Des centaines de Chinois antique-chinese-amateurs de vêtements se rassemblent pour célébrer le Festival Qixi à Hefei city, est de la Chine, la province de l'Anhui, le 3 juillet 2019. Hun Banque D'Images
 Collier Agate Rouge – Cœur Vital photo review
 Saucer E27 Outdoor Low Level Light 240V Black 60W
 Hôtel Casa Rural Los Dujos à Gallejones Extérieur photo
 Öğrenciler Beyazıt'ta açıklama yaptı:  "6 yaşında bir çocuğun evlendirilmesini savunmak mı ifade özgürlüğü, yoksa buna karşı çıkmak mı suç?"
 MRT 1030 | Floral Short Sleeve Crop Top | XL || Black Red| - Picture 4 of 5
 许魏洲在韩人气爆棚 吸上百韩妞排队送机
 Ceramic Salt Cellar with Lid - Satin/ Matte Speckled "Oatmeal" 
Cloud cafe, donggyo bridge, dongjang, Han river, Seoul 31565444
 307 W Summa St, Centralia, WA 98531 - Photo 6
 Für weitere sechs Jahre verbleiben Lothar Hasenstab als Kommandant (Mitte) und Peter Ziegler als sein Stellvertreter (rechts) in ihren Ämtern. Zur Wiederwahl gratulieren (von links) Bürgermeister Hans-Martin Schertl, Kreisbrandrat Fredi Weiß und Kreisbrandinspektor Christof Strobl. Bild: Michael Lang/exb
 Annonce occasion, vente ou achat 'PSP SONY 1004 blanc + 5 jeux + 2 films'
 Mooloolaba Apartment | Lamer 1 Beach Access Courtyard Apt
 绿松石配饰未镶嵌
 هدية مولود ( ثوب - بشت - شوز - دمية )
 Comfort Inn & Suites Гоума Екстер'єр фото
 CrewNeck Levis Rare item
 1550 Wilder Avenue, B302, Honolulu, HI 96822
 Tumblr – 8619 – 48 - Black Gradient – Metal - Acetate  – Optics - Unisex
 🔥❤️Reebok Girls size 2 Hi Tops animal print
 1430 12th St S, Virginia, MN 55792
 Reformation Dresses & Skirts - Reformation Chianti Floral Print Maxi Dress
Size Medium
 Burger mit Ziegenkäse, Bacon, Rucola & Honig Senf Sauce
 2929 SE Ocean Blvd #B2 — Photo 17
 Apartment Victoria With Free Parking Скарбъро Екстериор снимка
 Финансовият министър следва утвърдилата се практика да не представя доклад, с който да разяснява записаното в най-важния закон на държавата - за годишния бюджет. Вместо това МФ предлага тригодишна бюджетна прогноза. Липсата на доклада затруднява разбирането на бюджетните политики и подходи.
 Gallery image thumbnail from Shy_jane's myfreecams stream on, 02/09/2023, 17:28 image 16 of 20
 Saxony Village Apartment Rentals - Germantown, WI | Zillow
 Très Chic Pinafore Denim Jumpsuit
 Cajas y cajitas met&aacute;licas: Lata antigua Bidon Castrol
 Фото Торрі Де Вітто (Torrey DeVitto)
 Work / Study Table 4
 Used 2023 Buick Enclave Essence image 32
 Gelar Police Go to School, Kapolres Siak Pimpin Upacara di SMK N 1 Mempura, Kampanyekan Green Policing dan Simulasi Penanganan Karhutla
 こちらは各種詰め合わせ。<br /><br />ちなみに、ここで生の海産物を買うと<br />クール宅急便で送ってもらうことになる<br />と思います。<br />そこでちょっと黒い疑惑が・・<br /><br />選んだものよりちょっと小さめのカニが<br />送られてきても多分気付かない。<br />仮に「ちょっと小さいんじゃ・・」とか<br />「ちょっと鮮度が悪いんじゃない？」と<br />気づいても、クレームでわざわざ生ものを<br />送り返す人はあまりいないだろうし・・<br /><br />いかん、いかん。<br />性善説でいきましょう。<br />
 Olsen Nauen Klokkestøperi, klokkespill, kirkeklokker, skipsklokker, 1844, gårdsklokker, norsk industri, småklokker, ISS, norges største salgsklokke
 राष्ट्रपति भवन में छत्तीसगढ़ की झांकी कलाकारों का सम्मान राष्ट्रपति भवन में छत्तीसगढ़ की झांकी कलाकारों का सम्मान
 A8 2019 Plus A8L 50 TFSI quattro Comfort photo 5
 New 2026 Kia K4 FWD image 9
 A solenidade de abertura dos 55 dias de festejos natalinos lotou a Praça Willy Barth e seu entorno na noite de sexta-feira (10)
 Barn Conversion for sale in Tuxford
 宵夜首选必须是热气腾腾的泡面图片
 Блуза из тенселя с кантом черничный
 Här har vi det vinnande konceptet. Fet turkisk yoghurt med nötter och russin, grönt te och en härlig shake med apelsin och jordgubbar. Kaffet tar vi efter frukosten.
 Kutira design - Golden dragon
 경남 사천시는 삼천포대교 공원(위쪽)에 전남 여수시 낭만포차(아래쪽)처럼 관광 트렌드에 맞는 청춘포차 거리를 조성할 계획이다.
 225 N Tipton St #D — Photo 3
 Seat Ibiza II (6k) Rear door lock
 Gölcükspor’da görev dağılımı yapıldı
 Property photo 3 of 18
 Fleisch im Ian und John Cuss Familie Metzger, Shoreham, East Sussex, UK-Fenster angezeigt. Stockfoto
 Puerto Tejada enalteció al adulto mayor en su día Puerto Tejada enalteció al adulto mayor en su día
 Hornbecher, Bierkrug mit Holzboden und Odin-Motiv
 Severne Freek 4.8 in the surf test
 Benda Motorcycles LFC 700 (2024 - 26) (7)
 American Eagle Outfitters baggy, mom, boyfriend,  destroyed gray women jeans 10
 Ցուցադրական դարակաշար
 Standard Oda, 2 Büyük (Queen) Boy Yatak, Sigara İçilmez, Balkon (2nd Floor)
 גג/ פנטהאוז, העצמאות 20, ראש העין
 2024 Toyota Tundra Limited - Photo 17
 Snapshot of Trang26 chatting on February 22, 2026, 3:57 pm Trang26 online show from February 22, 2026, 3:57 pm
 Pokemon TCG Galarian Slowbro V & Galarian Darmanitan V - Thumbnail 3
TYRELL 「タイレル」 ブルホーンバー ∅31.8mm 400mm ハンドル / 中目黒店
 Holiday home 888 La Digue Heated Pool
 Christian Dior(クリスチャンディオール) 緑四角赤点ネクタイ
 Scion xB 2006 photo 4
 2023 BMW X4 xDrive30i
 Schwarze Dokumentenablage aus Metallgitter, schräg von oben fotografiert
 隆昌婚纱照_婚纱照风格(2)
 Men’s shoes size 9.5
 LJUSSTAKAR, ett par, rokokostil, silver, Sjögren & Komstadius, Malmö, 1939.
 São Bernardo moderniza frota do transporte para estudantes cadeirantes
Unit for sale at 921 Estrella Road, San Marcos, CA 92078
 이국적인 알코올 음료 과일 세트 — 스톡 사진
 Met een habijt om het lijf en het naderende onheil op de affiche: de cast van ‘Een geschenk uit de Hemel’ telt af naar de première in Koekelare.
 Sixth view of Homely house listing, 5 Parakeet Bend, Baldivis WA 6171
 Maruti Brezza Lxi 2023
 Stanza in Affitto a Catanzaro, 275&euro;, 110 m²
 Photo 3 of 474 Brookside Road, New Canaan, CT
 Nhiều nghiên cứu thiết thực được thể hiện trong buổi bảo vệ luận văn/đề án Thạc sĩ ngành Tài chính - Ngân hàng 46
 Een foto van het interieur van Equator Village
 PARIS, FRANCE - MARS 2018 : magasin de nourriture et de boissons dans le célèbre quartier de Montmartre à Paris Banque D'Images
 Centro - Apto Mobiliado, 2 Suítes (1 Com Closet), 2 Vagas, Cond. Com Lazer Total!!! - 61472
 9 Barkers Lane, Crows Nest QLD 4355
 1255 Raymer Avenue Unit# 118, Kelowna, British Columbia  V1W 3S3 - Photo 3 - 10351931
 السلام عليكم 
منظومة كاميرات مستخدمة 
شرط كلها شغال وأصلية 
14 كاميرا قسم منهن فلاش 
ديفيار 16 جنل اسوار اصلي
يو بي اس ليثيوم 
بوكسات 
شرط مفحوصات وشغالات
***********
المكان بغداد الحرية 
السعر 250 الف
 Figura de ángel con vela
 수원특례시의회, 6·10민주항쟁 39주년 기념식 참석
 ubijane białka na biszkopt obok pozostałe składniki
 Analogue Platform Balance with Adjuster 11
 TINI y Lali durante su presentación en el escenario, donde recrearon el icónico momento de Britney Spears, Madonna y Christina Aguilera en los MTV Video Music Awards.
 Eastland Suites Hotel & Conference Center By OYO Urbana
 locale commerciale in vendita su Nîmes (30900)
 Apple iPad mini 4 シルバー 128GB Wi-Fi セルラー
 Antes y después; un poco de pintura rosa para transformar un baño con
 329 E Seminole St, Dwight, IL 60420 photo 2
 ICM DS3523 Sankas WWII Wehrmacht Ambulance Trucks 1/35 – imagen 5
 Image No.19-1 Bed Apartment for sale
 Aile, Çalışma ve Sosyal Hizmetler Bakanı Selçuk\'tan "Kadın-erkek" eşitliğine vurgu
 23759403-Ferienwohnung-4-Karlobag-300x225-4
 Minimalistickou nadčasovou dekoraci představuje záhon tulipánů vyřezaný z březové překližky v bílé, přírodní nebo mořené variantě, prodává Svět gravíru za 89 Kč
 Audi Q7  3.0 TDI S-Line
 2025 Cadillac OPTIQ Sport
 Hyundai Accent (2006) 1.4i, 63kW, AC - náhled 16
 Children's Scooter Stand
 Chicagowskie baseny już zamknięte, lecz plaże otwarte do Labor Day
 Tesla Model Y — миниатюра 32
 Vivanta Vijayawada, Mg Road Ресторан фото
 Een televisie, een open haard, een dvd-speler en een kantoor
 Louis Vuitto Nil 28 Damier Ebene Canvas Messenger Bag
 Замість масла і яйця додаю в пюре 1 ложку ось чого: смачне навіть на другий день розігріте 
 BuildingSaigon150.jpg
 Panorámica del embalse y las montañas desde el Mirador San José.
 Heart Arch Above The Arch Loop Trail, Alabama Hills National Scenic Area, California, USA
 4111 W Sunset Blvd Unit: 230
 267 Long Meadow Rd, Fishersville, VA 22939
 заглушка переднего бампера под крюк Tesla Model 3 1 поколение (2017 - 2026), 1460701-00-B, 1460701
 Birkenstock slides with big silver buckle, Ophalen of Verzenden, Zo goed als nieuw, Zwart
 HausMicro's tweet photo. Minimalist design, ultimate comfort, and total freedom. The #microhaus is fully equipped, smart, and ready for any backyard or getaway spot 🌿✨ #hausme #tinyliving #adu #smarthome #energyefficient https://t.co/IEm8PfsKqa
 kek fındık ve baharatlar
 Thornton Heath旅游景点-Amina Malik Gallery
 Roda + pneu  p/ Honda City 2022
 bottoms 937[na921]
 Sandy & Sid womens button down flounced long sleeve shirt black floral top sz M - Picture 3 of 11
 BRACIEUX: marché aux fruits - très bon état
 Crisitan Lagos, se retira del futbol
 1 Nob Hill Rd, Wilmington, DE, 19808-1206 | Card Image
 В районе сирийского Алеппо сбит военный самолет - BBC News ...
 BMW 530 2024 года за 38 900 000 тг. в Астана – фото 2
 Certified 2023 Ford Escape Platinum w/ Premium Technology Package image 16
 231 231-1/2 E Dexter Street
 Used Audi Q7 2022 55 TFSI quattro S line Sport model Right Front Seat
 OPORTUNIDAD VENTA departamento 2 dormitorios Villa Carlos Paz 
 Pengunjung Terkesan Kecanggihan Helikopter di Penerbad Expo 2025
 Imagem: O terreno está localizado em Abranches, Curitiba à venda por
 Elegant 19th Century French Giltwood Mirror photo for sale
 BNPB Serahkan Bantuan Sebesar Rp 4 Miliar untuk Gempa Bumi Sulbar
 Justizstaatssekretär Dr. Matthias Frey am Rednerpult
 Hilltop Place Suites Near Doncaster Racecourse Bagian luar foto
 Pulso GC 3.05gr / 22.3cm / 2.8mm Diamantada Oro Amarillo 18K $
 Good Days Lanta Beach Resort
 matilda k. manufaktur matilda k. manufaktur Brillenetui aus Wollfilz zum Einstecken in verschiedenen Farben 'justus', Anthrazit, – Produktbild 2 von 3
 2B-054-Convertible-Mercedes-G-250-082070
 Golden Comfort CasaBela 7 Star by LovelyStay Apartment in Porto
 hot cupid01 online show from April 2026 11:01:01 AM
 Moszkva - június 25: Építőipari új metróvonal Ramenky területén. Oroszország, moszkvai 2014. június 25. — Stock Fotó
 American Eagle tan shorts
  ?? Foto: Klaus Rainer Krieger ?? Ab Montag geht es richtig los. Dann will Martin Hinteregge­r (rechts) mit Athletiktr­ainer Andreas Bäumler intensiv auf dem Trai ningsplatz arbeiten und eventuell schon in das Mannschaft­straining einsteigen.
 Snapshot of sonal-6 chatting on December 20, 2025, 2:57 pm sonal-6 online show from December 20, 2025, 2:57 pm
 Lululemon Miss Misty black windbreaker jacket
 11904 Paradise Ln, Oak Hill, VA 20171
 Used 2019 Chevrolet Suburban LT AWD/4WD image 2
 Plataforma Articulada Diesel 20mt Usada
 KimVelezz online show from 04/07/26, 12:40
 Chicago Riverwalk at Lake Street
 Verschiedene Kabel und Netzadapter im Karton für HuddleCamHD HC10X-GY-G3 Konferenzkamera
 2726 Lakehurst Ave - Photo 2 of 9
* * *
AIM OF THE EXERCISE:
Out of the material above, output word for word the line with "14 كاميرا قسم منهن فلاش", the line with "TINI y Lali", and all lines between them, with nothing else.

SOLUTION FOR THIS PROBLEM:
14 كاميرا قسم منهن فلاش 
ديفيار 16 جنل اسوار اصلي
يو بي اس ليثيوم 
بوكسات 
شرط مفحوصات وشغالات
***********
المكان بغداد الحرية 
السعر 250 الف
 Figura de ángel con vela
 수원특례시의회, 6·10민주항쟁 39주년 기념식 참석
 ubijane białka na biszkopt obok pozostałe składniki
 Analogue Platform Balance with Adjuster 11
 TINI y Lali durante su presentación en el escenario, donde recrearon el icónico momento de Britney Spears, Madonna y Christina Aguilera en los MTV Video Music Awards.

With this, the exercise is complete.